I really love you all and your righteous indignation. I didn’t even know I had that many troops to rally when I wrote that last post. I have to admit, though, that I was surprised by your comments. I thought I had written this touching tribute to my glorious, near-perfect-until-he-decided-he-didn’t-,-you-know-,-want-to-be-with-me-anymore, possibly-never-to-be-matched relationship with a person who in many ways completely changed my life. My food blog exists because of him. My camera and half of my lenses exist because of him. I conquered parts of this city I didn’t even know existed because of him.
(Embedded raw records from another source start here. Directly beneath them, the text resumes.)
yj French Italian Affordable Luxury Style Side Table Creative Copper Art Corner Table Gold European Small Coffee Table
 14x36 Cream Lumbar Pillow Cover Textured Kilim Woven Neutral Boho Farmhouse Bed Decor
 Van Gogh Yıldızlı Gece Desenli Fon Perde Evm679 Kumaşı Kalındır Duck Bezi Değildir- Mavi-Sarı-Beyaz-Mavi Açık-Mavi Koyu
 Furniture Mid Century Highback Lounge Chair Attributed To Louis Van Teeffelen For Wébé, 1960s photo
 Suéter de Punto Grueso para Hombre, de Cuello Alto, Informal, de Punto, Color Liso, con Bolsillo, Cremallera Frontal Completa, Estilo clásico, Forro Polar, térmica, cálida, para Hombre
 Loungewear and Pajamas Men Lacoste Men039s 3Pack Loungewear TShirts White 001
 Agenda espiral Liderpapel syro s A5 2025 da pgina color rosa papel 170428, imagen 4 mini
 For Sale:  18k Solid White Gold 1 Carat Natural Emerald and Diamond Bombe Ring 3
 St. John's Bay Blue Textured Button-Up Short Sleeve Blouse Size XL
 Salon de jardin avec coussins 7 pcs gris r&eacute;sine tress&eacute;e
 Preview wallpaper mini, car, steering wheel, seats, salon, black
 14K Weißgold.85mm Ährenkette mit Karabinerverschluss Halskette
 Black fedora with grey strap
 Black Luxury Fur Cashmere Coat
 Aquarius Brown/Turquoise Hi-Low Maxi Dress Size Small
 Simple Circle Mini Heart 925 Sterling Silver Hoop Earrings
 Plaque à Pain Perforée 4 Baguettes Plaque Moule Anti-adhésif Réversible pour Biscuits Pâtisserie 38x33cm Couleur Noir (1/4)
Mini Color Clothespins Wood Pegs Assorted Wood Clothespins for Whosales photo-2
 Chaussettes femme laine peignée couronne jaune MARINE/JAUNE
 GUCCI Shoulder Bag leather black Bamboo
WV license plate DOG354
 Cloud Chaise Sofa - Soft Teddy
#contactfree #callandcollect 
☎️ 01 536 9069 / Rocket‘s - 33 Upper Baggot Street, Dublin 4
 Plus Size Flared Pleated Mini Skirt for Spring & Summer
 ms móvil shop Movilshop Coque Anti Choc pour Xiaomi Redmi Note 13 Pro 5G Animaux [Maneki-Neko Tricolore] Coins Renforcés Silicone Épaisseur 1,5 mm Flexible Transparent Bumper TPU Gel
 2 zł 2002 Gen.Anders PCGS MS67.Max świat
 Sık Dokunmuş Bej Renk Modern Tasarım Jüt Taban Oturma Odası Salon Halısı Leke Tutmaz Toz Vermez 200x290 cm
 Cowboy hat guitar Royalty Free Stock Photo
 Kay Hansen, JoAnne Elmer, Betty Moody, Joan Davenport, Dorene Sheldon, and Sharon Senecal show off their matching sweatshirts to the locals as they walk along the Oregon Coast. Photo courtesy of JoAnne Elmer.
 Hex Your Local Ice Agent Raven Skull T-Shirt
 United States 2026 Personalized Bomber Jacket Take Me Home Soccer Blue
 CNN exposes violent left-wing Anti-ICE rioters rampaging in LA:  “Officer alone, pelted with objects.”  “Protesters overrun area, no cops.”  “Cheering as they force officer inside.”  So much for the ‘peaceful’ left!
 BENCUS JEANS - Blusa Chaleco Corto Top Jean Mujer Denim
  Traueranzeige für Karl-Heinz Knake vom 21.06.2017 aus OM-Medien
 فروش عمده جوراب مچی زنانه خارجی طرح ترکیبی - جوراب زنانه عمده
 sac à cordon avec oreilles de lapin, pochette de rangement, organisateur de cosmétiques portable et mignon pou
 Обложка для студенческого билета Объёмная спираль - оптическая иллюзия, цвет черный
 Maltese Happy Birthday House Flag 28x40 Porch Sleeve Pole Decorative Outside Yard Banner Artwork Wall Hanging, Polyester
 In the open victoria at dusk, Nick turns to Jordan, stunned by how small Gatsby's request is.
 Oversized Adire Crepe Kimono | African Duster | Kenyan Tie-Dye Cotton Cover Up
I feel like I’m a better person because of our relationship, that I grew and came out ahead of where I started back in 2006.
Yes, I’ve had the melodramatic “I wasted the best years of my life with him!” talk with myself a couple of times over the past year, because it is a little scary to think that all of the other sensitive lawyers with PhDs and interesting cultures have been snatched up in the time I was hanging out with this noncommittal one. But I’ve never been one of those girls who wanted to be married at 25 so I could have all my kids by 30 and then spend the rest of my life living vicariously through them. My time with him wasn’t wasted, because I:
a) really fucking enjoyed it.
b) have all the time in the world do all of the boring crap you guys want me to with some other, lamer person.
Just kidding about that last part. But seriously, I didn’t make a mistake by staying with him after he told me he was leaving, and I’m not dumb, and I wasn’t mistreated, and anyone would be lucky to have the kind of relationship we had for those first five and a half years. And I don’t have Stockholm Syndrome, you bastards!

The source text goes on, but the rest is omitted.